Re: Search while typing (incremental search)

2021-10-08 Thread Michael Wechner




Am 08.10.21 um 18:49 schrieb Michael Sokolov:

Thank you for offering to add to the FAQ! Indeed it should mention the
suggester capability. I think you have permissions to edit that wiki?


yes :-)


Please go ahead and I think add a link to the suggest module javadocs


ok, will do!

Thanks

Michael



On Thu, Oct 7, 2021 at 2:30 AM Michael Wechner
 wrote:

Thanks very much for your feedback!

I will try it :-)

As I wrote I would like to add a summary to the Lucene FAQ
(https://cwiki.apache.org/confluence/display/lucene/lucenefaq)

Would the following questions make sense?

   - "Does Lucene support incremental search?"

   - "Does Lucene support auto completion suggestions?"

Or would other other terms / or another wording make more sense?

Thanks

Michael



Am 07.10.21 um 01:14 schrieb Robert Muir:

TLDR: use the lucene suggest/ package. Start with building suggester
from your query logs (either a file or index them).
These have a lot of flexibility about how the matches happen, for
example pure prefixes, edit distance typos, infix matching, analysis
chain, even now Japanese input-method integration :)

Run that suggester on the user input, retrieving say, the top 5-10
matches of relevant query suggestions.
return those in the UI (typical autosuggest-type field), but also run
a search on the first one.

The user gets the instant-search experience, but when they type 'tes',
you search on 'tesla' (if that's the top-suggested query, the
highlighted one in the autocomplete). if they arrow-down to another
suggestion such as 'test' or type a 't' or use the mouse or whatever,
then the process runs again and they see the results for that.
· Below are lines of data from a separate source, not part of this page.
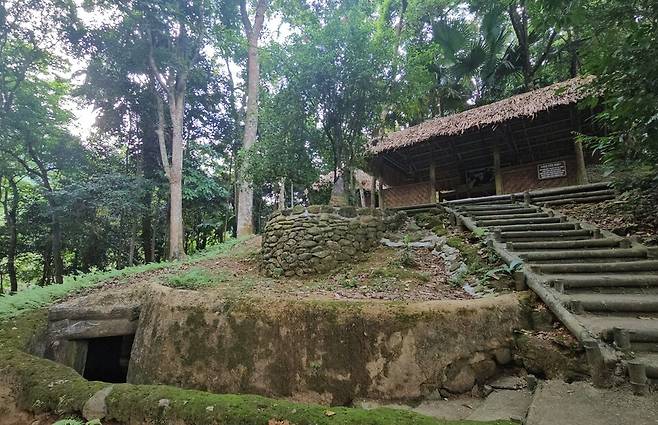 딘호와현에 있는 호찌민이 거주한 원두막과 피신처로 사용한 땅굴 ⓒ이원혁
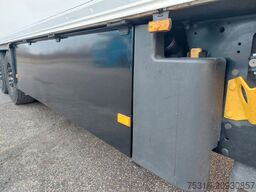 SCHMITZ CARGOBULL SKO24 ThermoKing SLXi 300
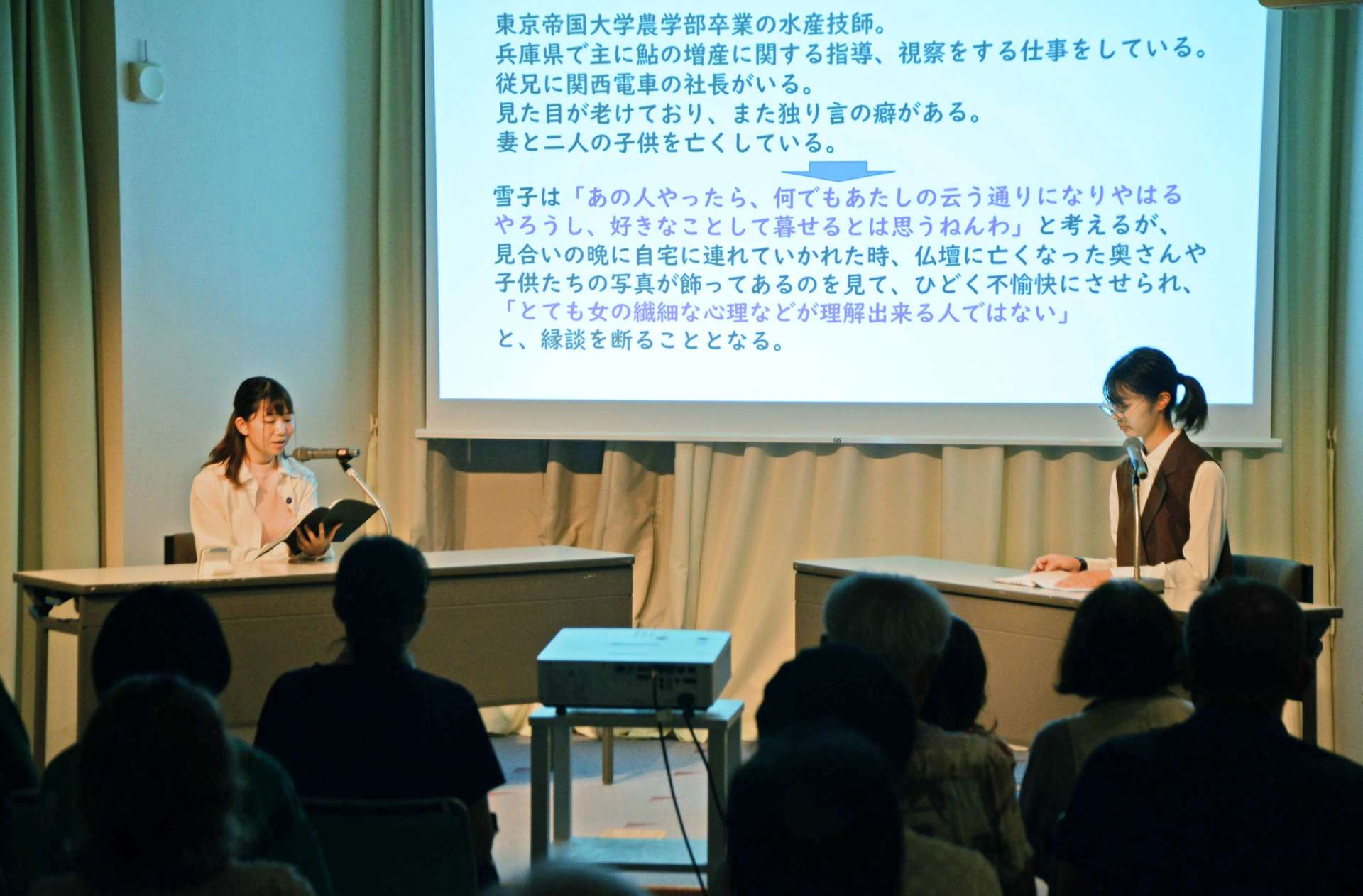 「細雪」を解説する鹿児島国際大学の学生＝鹿児島市城山町のかごしま近代文学館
IMO for most cases this leads to a saner experience than trying to
rank all documents based on a prefix 'tes': the problem is there is
still too much query ambiguity, not really any "keywords" yet, so
trying to rank those documents won't be very useful. Instead you try
to "interact" with the user to present results in a useful way that
they can navigate.

On the other hand if you really want to just search on prefixes and
jumble up the results (perhaps because you are gonna just sort by some
custom document feature instead of relevance), then you can do that if
you really want. You can use the n-gram/edge-ngram/shingle filters in
the analysis package for that.

On Wed, Oct 6, 2021 at 5:37 PM Michael Wechner
 wrote:

Hi

I am trying to implement a search with Lucene similar to what for
example various "Note Apps" (e.g. "Google Keep" or "Samsung Notes") are
offering, that with every new letter typed a new search is being executed.

For example when I type "tes", then all documents are being returned
containing the word "test" or "tesla" and when I continue typing, for
example "tesö" and there are no documents containing the string "tesö",
then the app will tell me that there are no matches.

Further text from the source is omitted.